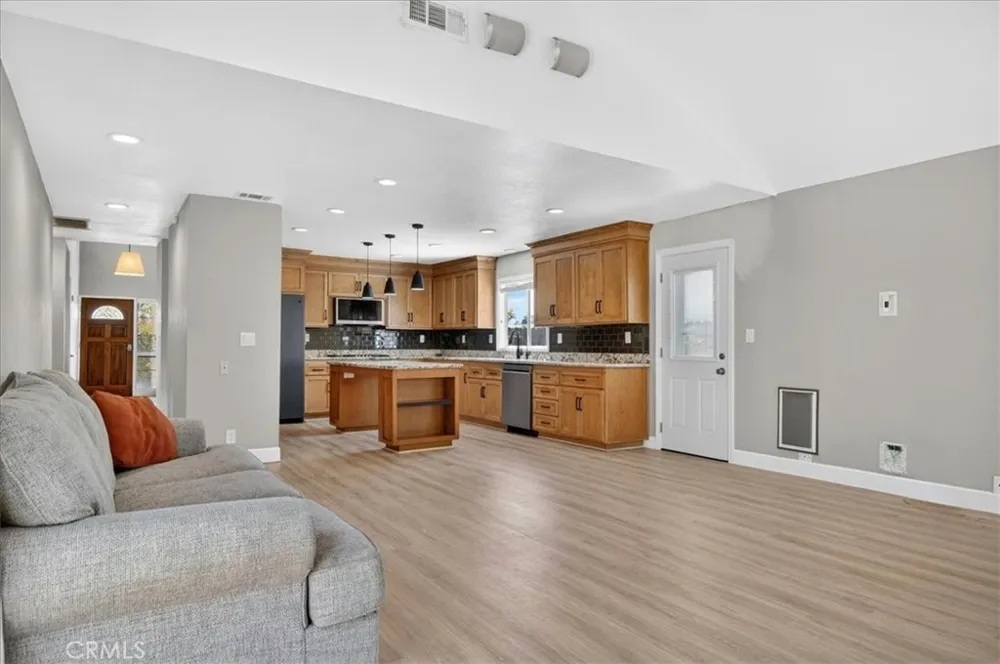 941 Pellham Lompoc, CA 93436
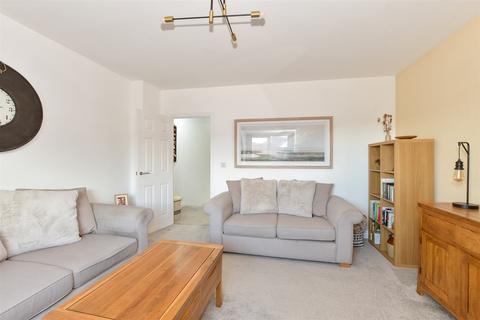 undefined, Queripel Close, Tunbridge Wells TN2
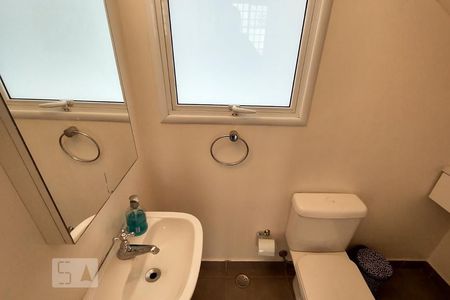 Casa à venda com 270m², 3 quartos e 1 vaga Casa à venda com 270m², 3 quartos e 1 vagaLavabo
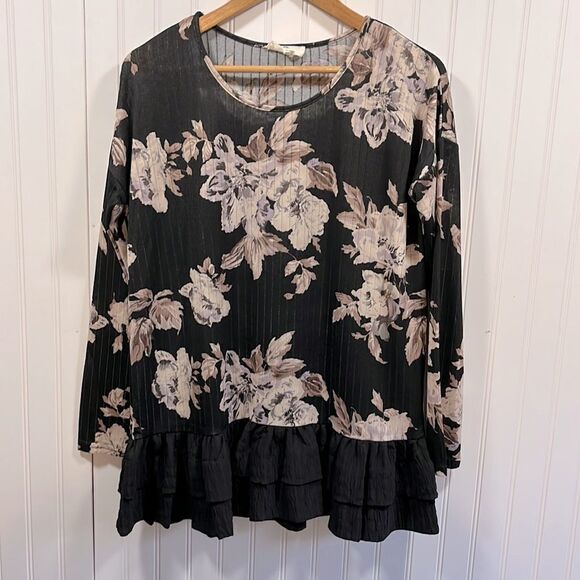 entro Tops - Entro black floral long sleeve tunic blouse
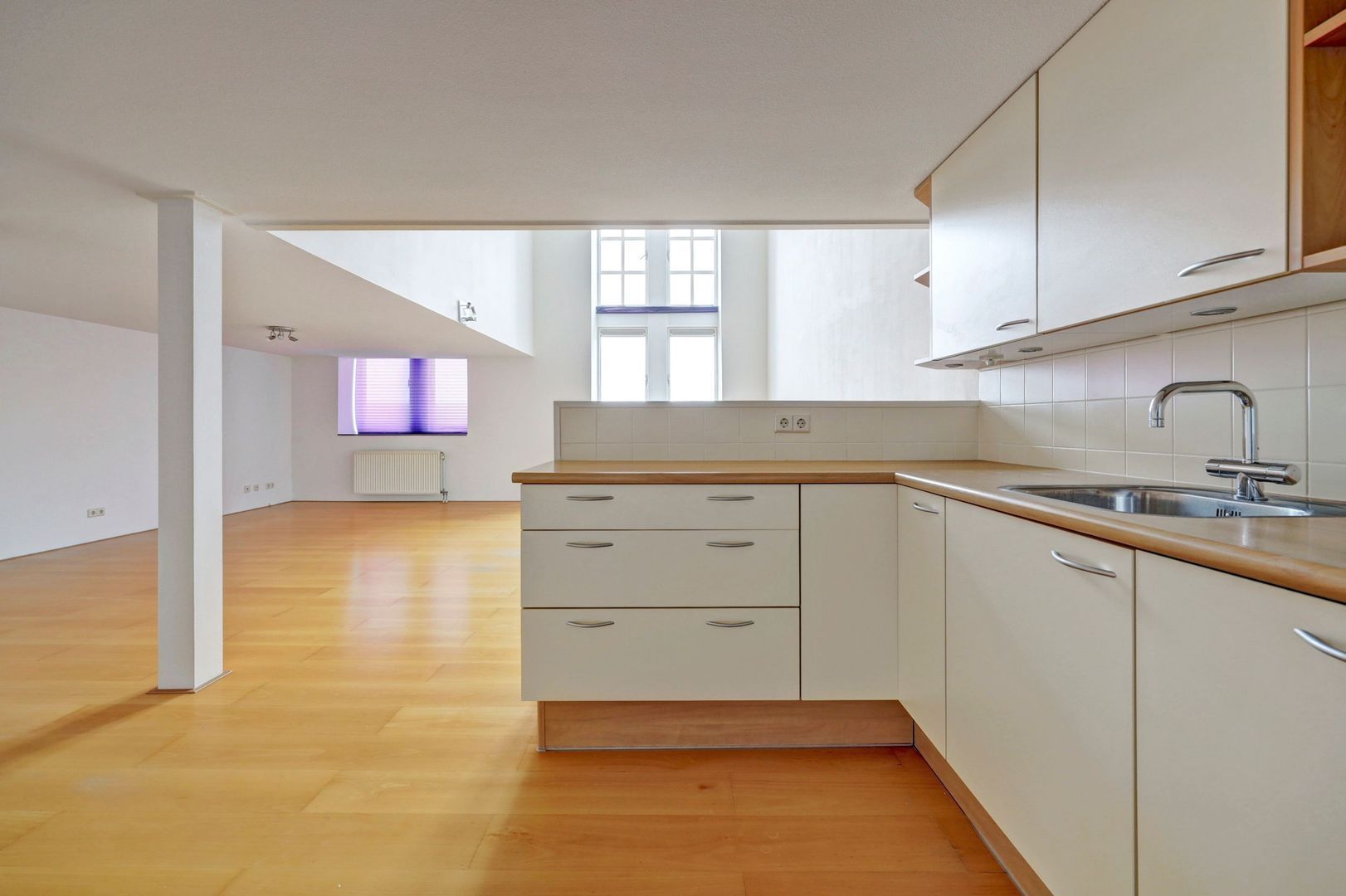 Raam 146, Delft foto-12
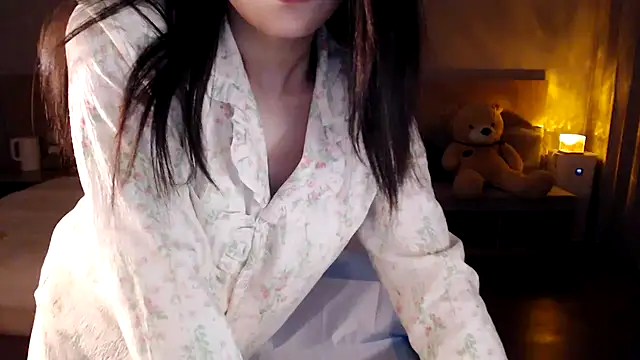 Snapshot of Lucky-baby chatting on December 25, 5:37 pm Lucky-baby online show from December 25, 5:37 pm
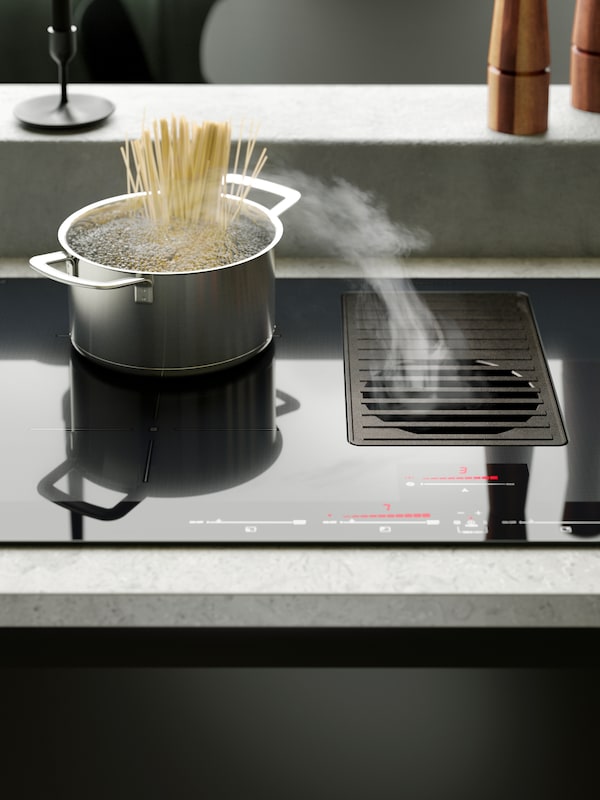 意大利面是不锈钢锅沸腾FORNEBO感应滚刀。蒸汽是吸入器集成。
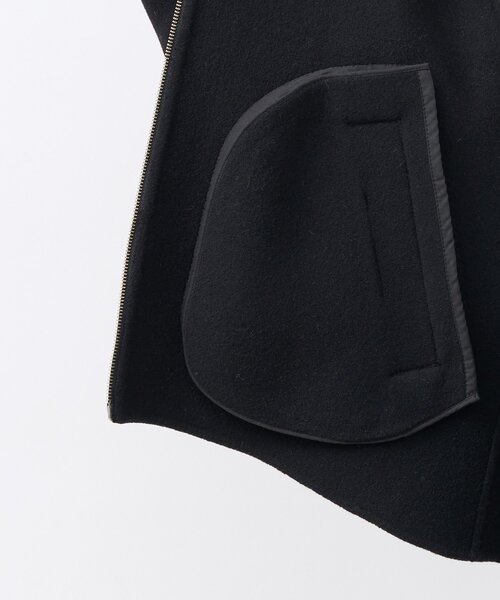 RIVE DROITE（リヴドロワ）の「【ハンサムな着こなしに】スタンドZIPリバーコート（その他アウター・レディース・ブラック/キャメル・FREE）」の19枚目の写真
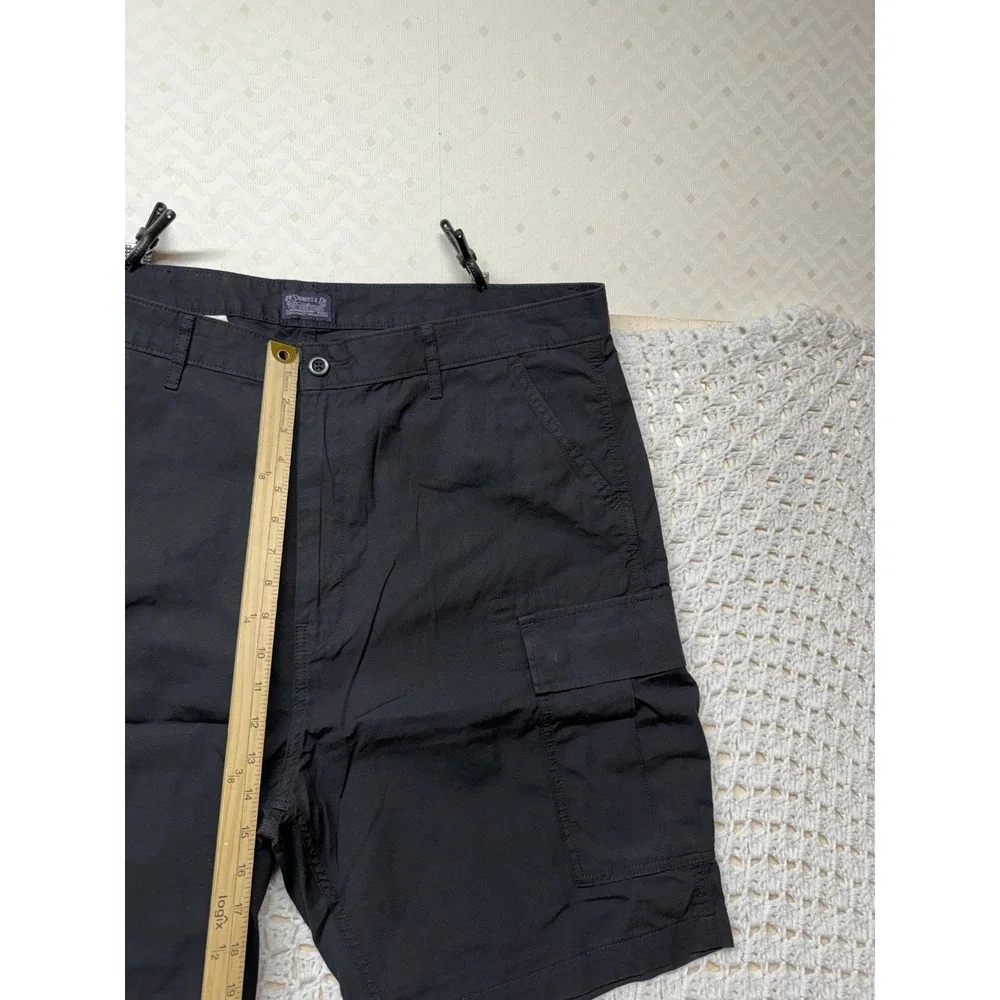 Levi's Khaki Carrier Cargo Shorts Mens Size 40 Black Ripstop Hiking Chino Casual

* _Problem_:
The expected output is the exact run of lines from the one containing "意大利面是不锈钢锅沸腾FORNEBO感应滚刀。蒸汽是吸入器集成。" through the final line of the data above, both ends included, with no pictures.

* _Completed task_:
 意大利面是不锈钢锅沸腾FORNEBO感应滚刀。蒸汽是吸入器集成。
 RIVE DROITE（リヴドロワ）の「【ハンサムな着こなしに】スタンドZIPリバーコート（その他アウター・レディース・ブラック/キャメル・FREE）」の19枚目の写真
 Levi's Khaki Carrier Cargo Shorts Mens Size 40 Black Ripstop Hiking Chino Casual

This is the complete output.